We're going to defeat the Islamic State through a combination of intermittent high-altitude bombing strikes and training the Iraqi army. Just wait and see. You're going to be surprised.

We're going to get this bolder, more defiant, less predictable Russian state to cease its aggression against its neighbors through a series of sanctions. Just wait and see. You're going to be surprised.

We're going to overcome a steep, six-year decline in the median-income level of Americans by raising the minimum wage. Just wait and see. You're going to be surprised.

Barack Obama is the Rich Kotite of American presidents.

Beware of Suspicious Donkeys -- Not a Metaphor In This Particular Case.

Okay, Boko Haram, now you're really in trouble.

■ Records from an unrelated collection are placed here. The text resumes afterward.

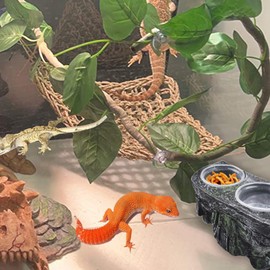 PINVNBY Reptile Feeding Ledge with Suction Cups,Crested Gecko Feeder Ledges with 2 Pcs Water & Food Bowls Double Lizard Dish Bearded Dragon Tank Accessories for Geckos Chameleon Spider Snake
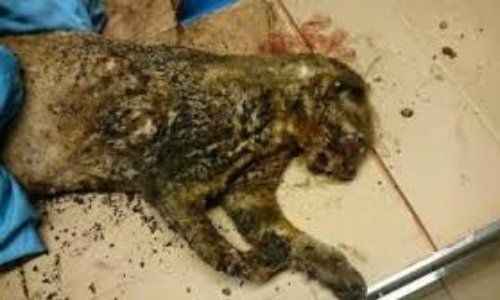 Doit-on punir plus sévèrement les auteurs de maltraitances animales ?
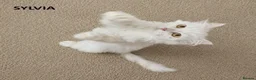 Mixed Breed cats for adoption: Sylvia seeks a loving home - Advert 1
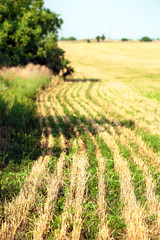 Fototapeta na wymiar Mowing grass on field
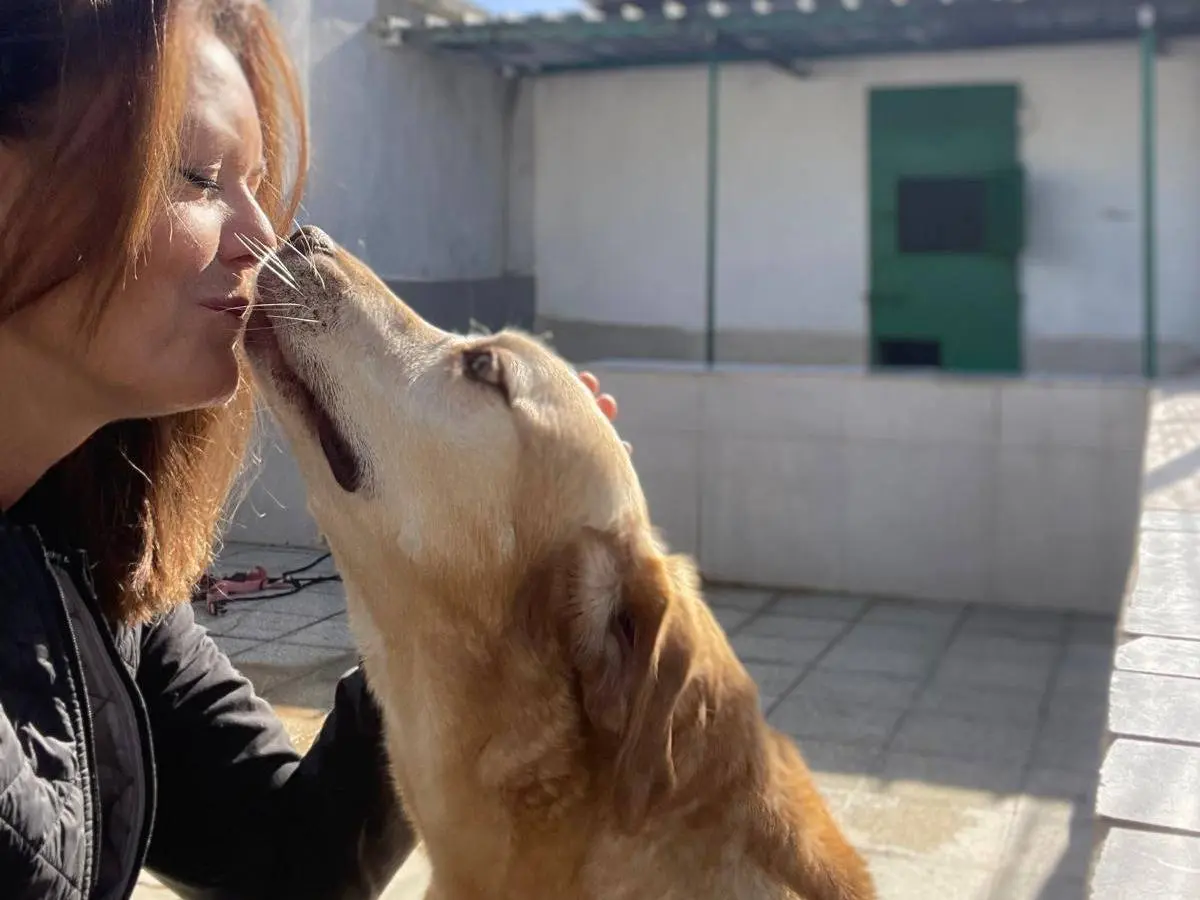 Adotta un cane, maschio, 8 anni e 4 mesi, Caserta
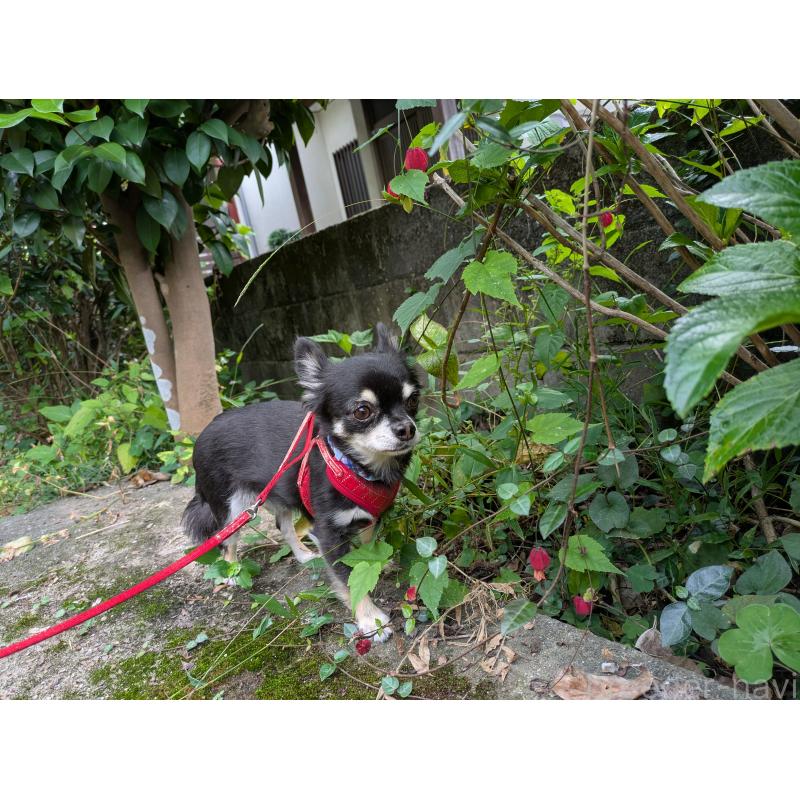 販売中の大分県のチワワ(ロングコート)-417896の2枚目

Now you're irritating PETA.

Nigerian Islamist militant group Boko Haram is plotting to use cattle as suicide bombers, officials have said.

Nigerian authorities also suspect that the extremist group, which aims at establishing an Islamic caliphate in the country, is preparing dozens of suicide bombers to carry out large-scale attacks.

Mike Omer, coordinator of the National Information Centre, said: "Available intelligence reports indicate a plan by Boko Haram to use young male suicide bombers disguised as cobblers to hide explosives in their tool boxes and detonate them on soft target areas such as markets, restaurants, ATM locations, political rallies, worship centres as well as other public places," according to Nigeria's Vanguard daily.

"Also, there is indication of a plan by this group to use livestock such as, goats, cows, donkeys and camels laden with explosives to attack chosen targets."

ADDENDA: Maybe the best edition of our pop-culture podcast yet arrives this morning -- a Super Bowl-themed show discussing the must-have foods at the holiday I nickname "Bar Food Thanksgiving," great and awful Super Bowl commercials past and present, and my perhaps way-too-passionate assessment of the planned all-female reboot of Ghostbusters and the rumored casting of Chris Pratt as Indiana Jones. Did you know producer Dave Perkins and I can have an entire conversation consisting entirely of quotes from Raiders of the Lost Ark? My poor co-host.